__Task to complete__. Return the first line of the listing below and all the lines after it through the one containing "Pricelist icon flat Stock Illustration", exactly, without pictures.

__Records to use__.
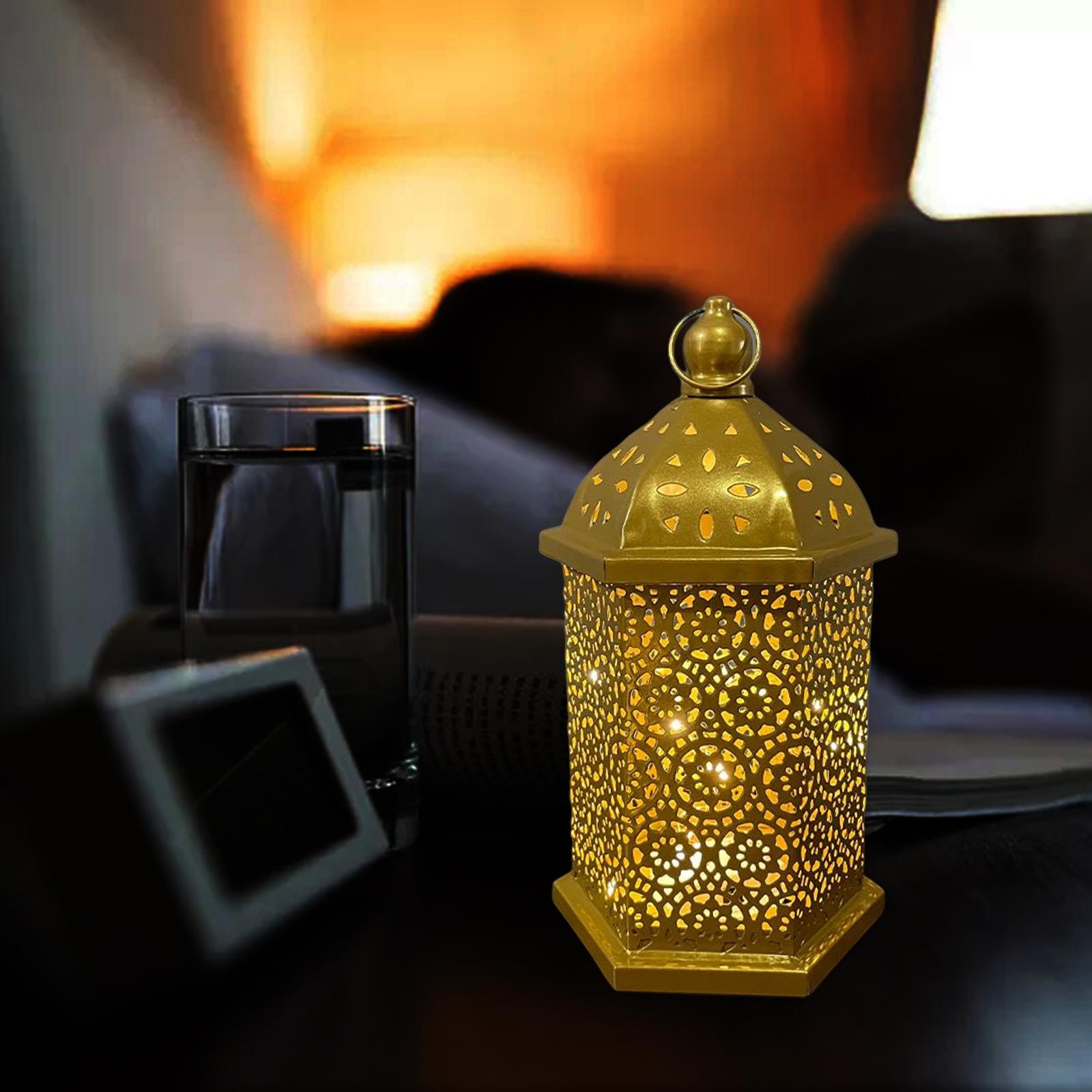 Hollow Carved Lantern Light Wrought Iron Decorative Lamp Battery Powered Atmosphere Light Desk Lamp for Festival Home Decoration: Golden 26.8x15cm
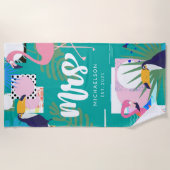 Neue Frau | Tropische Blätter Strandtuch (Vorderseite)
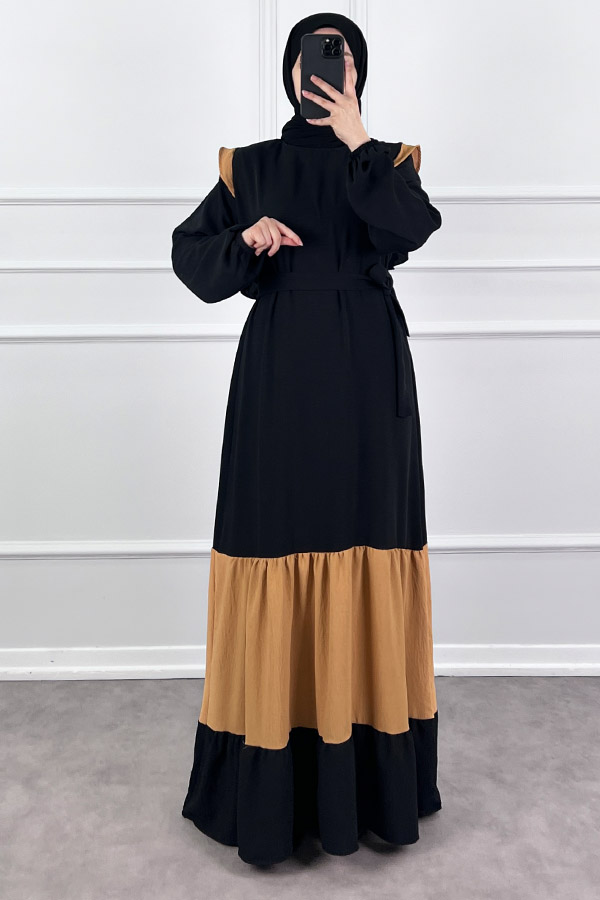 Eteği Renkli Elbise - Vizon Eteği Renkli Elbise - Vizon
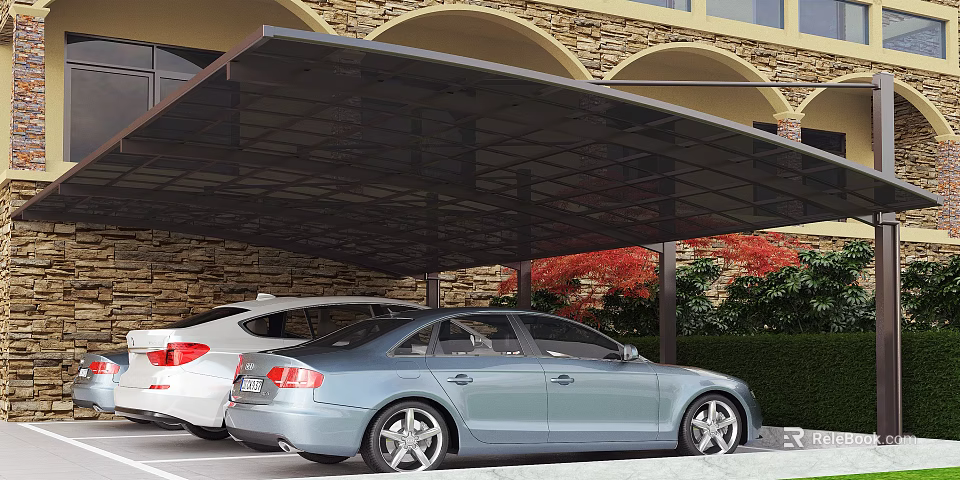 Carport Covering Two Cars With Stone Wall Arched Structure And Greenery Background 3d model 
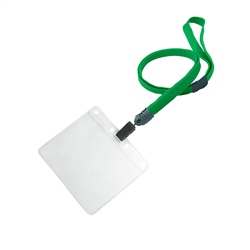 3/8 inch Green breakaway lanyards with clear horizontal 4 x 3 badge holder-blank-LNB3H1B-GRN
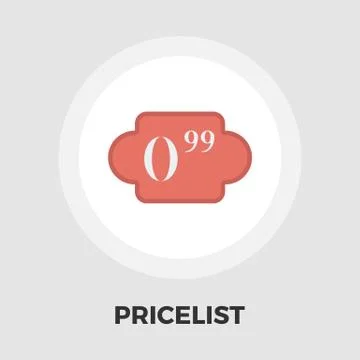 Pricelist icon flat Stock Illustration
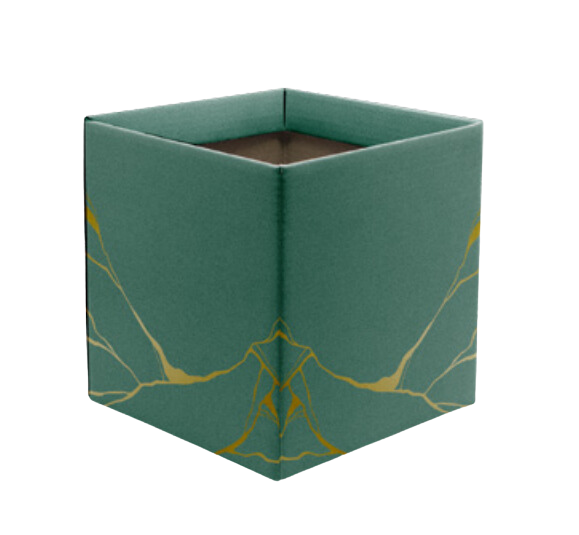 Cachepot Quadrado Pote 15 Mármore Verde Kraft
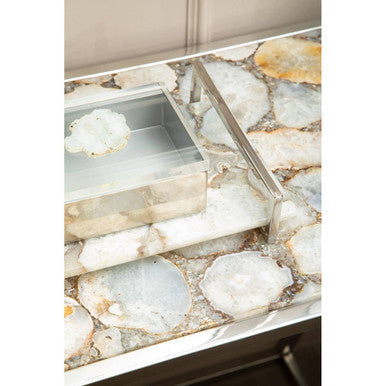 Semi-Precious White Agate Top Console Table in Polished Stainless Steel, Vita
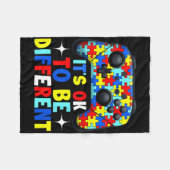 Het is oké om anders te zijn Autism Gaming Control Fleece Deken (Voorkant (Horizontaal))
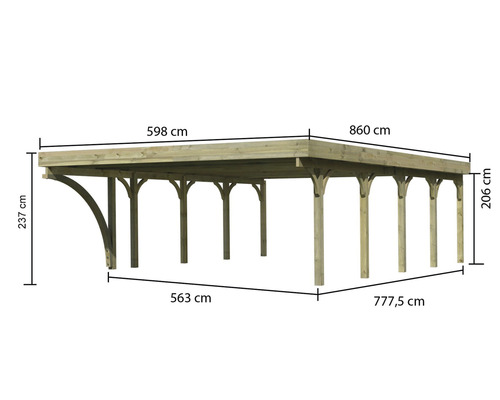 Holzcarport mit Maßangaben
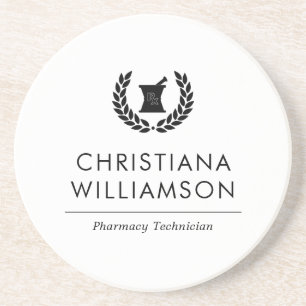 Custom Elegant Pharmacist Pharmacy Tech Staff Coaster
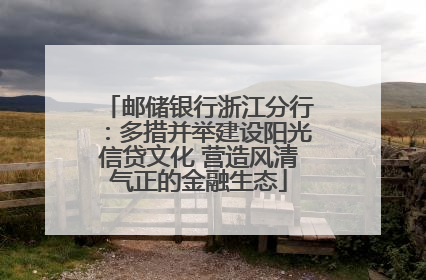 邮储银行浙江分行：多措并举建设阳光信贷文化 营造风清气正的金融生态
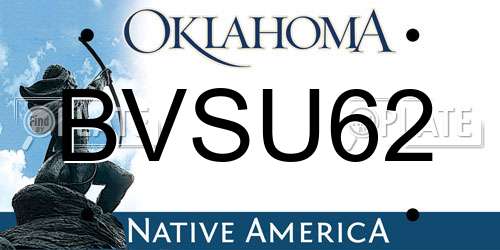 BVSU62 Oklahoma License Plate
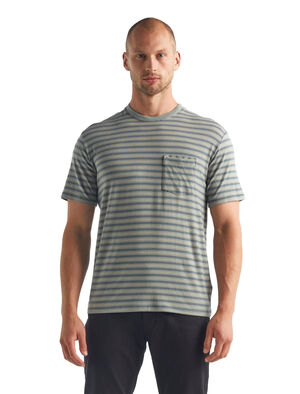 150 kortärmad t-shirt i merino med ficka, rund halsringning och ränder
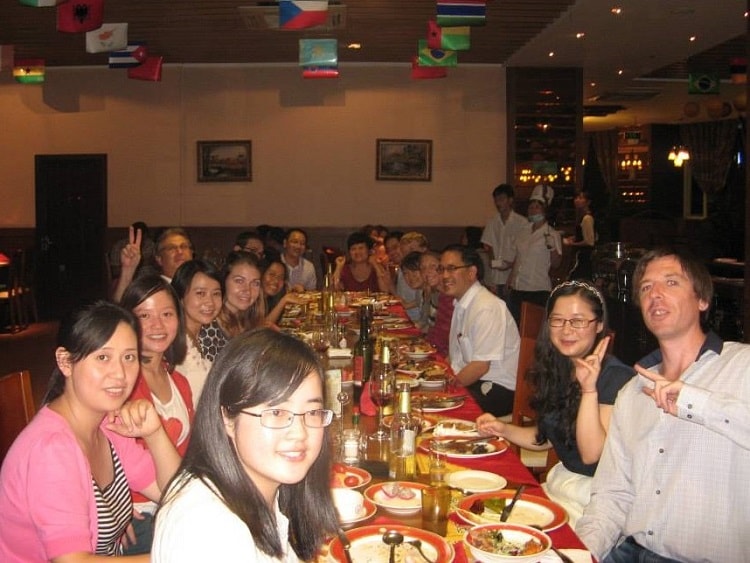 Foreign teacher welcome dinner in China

__Task answer__.
 Hollow Carved Lantern Light Wrought Iron Decorative Lamp Battery Powered Atmosphere Light Desk Lamp for Festival Home Decoration: Golden 26.8x15cm
 Neue Frau | Tropische Blätter Strandtuch (Vorderseite)
 Eteği Renkli Elbise - Vizon Eteği Renkli Elbise - Vizon
 Carport Covering Two Cars With Stone Wall Arched Structure And Greenery Background 3d model 
 3/8 inch Green breakaway lanyards with clear horizontal 4 x 3 badge holder-blank-LNB3H1B-GRN
 Pricelist icon flat Stock Illustration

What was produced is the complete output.